### Records from a dataset
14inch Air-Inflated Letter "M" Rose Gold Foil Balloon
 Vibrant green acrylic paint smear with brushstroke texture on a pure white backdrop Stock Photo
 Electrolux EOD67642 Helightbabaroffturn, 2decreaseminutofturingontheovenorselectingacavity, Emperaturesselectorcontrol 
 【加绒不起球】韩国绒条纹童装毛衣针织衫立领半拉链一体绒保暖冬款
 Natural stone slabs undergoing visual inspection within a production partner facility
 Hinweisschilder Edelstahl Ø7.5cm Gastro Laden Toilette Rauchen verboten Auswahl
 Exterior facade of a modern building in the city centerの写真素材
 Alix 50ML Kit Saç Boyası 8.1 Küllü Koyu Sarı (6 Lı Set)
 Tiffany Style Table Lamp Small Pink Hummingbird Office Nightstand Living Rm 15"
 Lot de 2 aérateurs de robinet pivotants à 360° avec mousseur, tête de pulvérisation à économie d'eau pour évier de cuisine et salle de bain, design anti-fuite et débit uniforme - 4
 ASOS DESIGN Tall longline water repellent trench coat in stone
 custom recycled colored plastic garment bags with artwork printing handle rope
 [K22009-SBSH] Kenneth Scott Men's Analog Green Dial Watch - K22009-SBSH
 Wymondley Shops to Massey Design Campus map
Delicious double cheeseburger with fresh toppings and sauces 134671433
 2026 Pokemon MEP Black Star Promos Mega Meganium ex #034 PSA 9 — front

### Task goal
Copy every record above exactly as it stands.

### Your response
14inch Air-Inflated Letter "M" Rose Gold Foil Balloon
 Vibrant green acrylic paint smear with brushstroke texture on a pure white backdrop Stock Photo
 Electrolux EOD67642 Helightbabaroffturn, 2decreaseminutofturingontheovenorselectingacavity, Emperaturesselectorcontrol 
 【加绒不起球】韩国绒条纹童装毛衣针织衫立领半拉链一体绒保暖冬款
 Natural stone slabs undergoing visual inspection within a production partner facility
 Hinweisschilder Edelstahl Ø7.5cm Gastro Laden Toilette Rauchen verboten Auswahl
 Exterior facade of a modern building in the city centerの写真素材
 Alix 50ML Kit Saç Boyası 8.1 Küllü Koyu Sarı (6 Lı Set)
 Tiffany Style Table Lamp Small Pink Hummingbird Office Nightstand Living Rm 15"
 Lot de 2 aérateurs de robinet pivotants à 360° avec mousseur, tête de pulvérisation à économie d'eau pour évier de cuisine et salle de bain, design anti-fuite et débit uniforme - 4
 ASOS DESIGN Tall longline water repellent trench coat in stone
 custom recycled colored plastic garment bags with artwork printing handle rope
 [K22009-SBSH] Kenneth Scott Men's Analog Green Dial Watch - K22009-SBSH
 Wymondley Shops to Massey Design Campus map
Delicious double cheeseburger with fresh toppings and sauces 134671433
 2026 Pokemon MEP Black Star Promos Mega Meganium ex #034 PSA 9 — front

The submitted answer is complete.